TASK OBJECTIVE: Omit the pictures and copy the entries exactly.

────────────────────

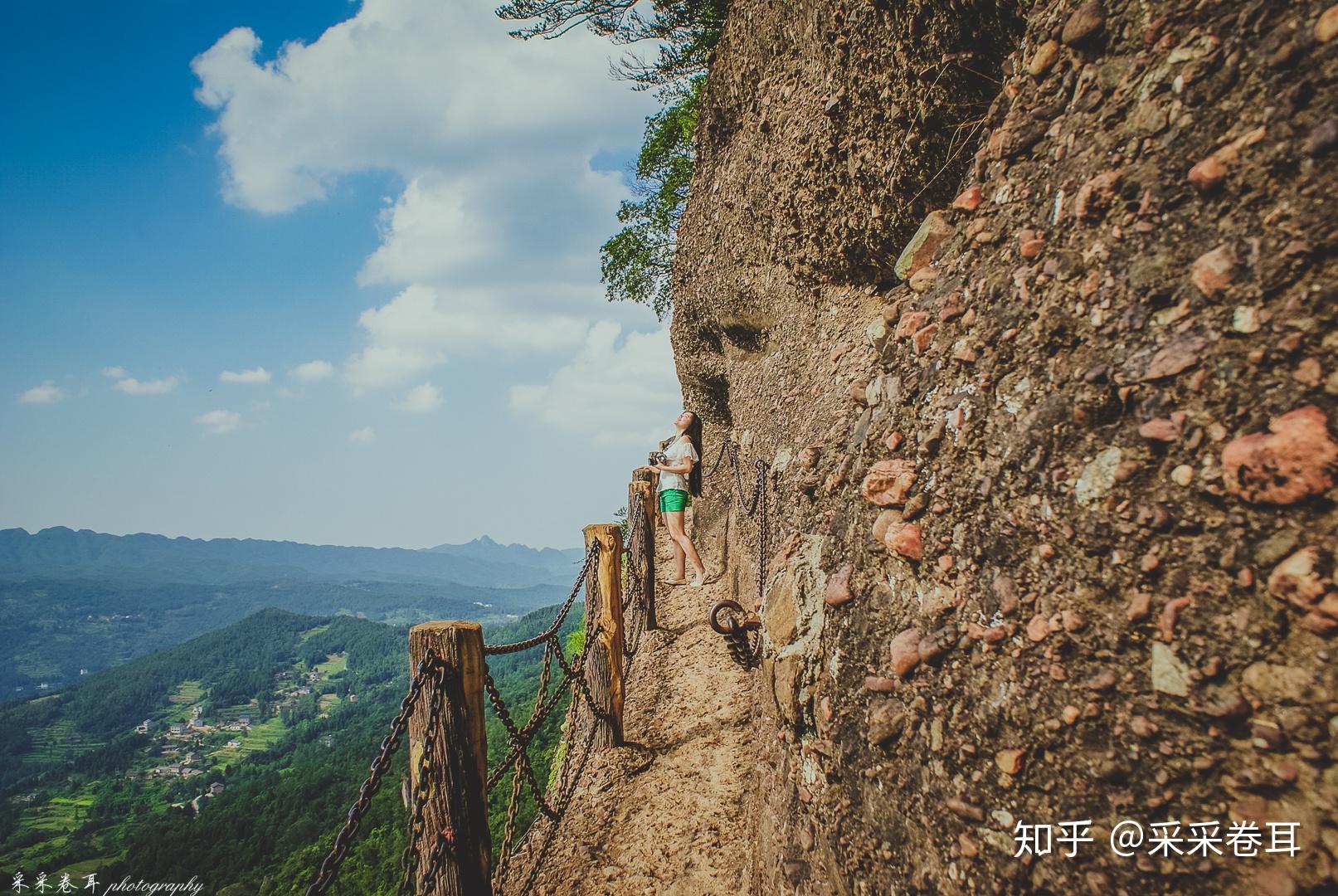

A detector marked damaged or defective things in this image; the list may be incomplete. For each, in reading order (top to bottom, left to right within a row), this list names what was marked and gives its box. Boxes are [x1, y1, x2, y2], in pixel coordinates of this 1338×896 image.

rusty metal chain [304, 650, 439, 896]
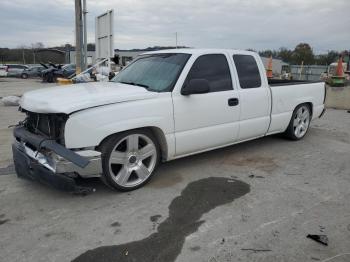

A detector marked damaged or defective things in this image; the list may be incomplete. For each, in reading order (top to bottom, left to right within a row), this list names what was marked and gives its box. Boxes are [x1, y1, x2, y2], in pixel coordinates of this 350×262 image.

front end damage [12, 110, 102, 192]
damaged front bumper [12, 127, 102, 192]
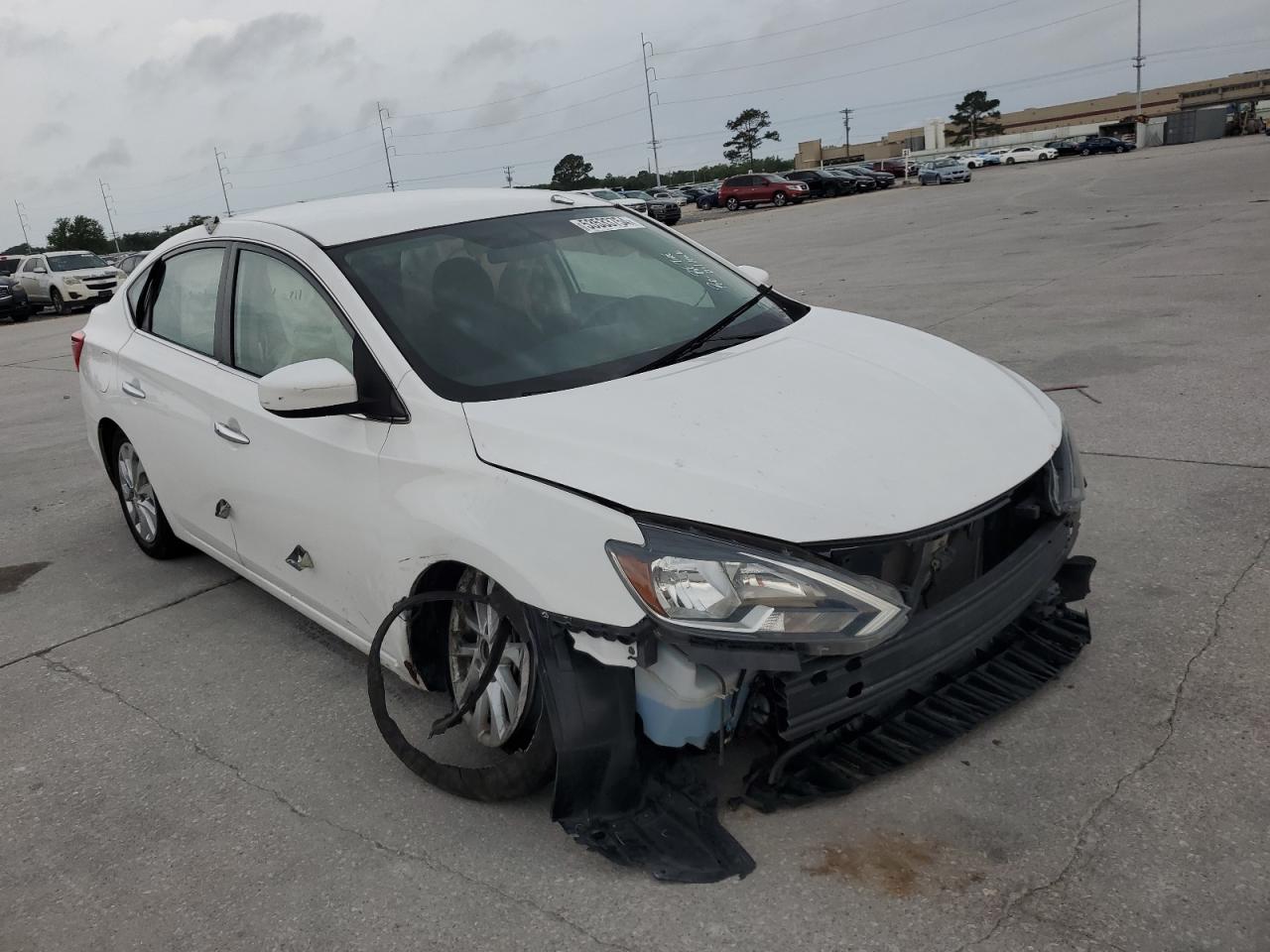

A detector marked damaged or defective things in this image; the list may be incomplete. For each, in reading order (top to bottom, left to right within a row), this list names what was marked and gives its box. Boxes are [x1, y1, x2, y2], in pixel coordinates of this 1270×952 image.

────────────────────

YOUR RESPONSE:
A detector marked damaged or defective things in this image; the list may be incomplete. For each, in reading order (top to bottom, left to right within a row), this list names what was marked and gives its box. Boxes are [x1, y1, x2, y2], in pixel coordinates of this 1338×896 image.

rusty metal chain [304, 650, 439, 896]

A detector marked damaged or defective things in this image; the list may be incomplete. For each, in reading order (top to bottom, left to right within a row), this list names what was marked and gives its box. Boxes are [x1, y1, x2, y2], in pixel coordinates of this 350×262 image.

front end damage [12, 110, 102, 192]
damaged front bumper [12, 127, 102, 192]

A detector marked damaged or defective things in this image; the list may be incomplete. For each, in reading order (top to bottom, left to right within a row), this list names what was marked and gives its box. Boxes are [x1, y1, x2, y2], in pixel coordinates of this 1270×952 image.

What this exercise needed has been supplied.